“This may be a stupid question, but there don’t seem to be any TVs in the cabins?”. Our guide (the assistant Purser and a fellow Kiwi called Willow) gives us an insight into a guest’s time onboard the Coral Discoverer – “Oh, there’s no time for watching TV”.
For a small ship expedition cruise line like Coral Expeditions, where the focus is an in-depth destination voyage, high quality crew and experts, remote ports and hidden coves, an onboard walk around of the Coral Discoverer when she was in Auckland is a difficult avenue for a comprehensive review. However, when the manifest from Auckland boasts a 98% repeat client rate, they are clearly doing something very well and an onboard walk around was warranted.
About Coral Expeditions
Coral Expeditions is unlikely to be well known name to many Fine Travel clients looking for a cruise holiday. It is an Australian small ship expedition cruise line which, when it comes to the Coral Discoverer that we inspected, takes very seriously the expedition cruise ethos that an expedition cruise is about the time off the ship, not on it.
The primary focus of the Coral Discoverer’s itineraries is Australia – with Tasmania, and Northern Australia around to Darwin and the Kimberleys the main attractions. Voyages also incorporate logical extensions like New Zealand and the Pacific. Built in 2005 and refurbished in 2016 she welcomes a maximum of 72 guests in 36 cabins.
Onboard The Coral Discoverer
For travellers who have joined similarly priced itineraries with premium and luxury cruise lines, or not been onboard such a small cruise ship before, stepping aboard the Coral Discoverer for the first time will require an expectation adjustment and it is very important to be sure that this is the right style of expedition cruise ship for you.

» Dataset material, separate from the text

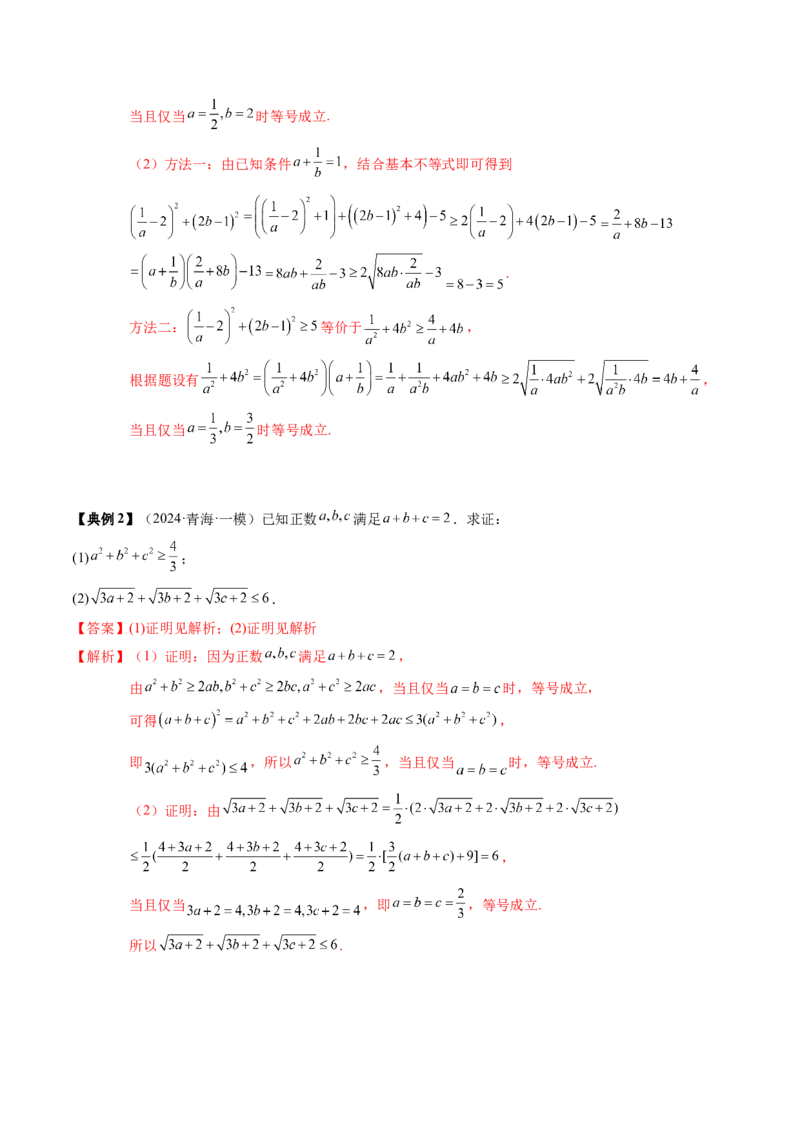 专题02一元二次函数、方程与不等式（解析版）_2.2025数学总复习_2025年新高考资料_一轮复习_2025年高考数学一轮复习知识清单_知识必备&middot;夯基础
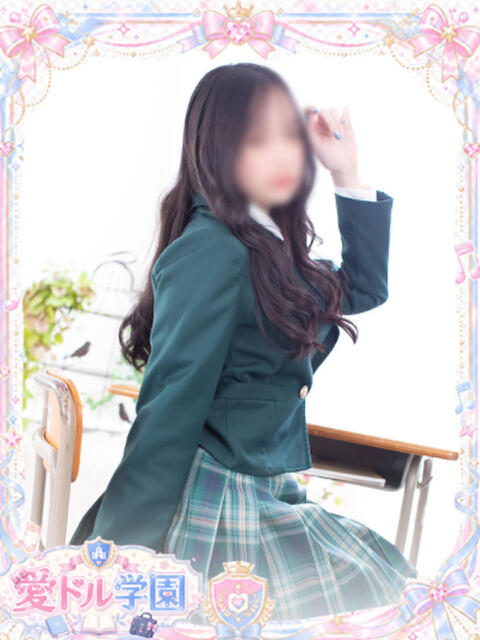 乃阪 もか☆がヤバ可愛すぎる件 愛ドル学園 ☆制服着たまま部☆(ヘルス)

The Coral Discoverer has the essentials you would expect in the common areas of a small ship that wasn’t designed for onboard entertainment or “soft expedition” cruising. It is not an Australian version of the French cruise line Ponant which also offers soft expedition itineraries in our waters at around the same price point. The common areas include:
- An open bridge policy where guests can interact with the Captain at their leisure.
- An intimate lecture theatre where experts speak about the upcoming days adventures and recap at the end of the day. Movies can also be played here.
- A very small library (similar to a collection you might have seen in a boutique hotel).
- A cafe style restaurant and bar (pictured above), where all meals are eaten (buffet for lunch and a la carte for dinner). There is no room service onboard.
- An open deck area at the top of ship
- There are no lifts between the floors.
The cabins reflect an expectation that you will return there (probably exhausted) to sleep. The cabins are all approximately the same size, with little variation (the upstairs cabins enjoying a narrow balcony).
The bathrooms are relatively small, with a shower just out of shot below.
A Fine Travel client’s attraction to a close to home cruise onboard the Coral Discoverer will be determined by a desire for an active, enriching educational experience on their chosen itinerary rather than a “flop and drop” onboard a floating amusement park.
Describing the Coral Discoverer without the benefit of the full onboard experience has been somewhat challenging – the risk being that I give an unfair impression of the Coral Discoverer by comparing her to other ships that she isn’t trying to be. The Coral Discoverer is simply furnished – not tired, or run down – the crew take great pride in the ship – as if it was their own.
I can’t help escape the thought that client expectations at this price point may have moved on – an insight that Coral Expeditions may also share given the design of its newest ship, the Coral Geographer and that from 2021 the Coral Discoverer is being relocated to shorter itineraries at the Great Barrier Reef. Boasting suites with a bath for stargazing, an elevator and a gym, the Coral Geographer’s itineraries will be highly sought after.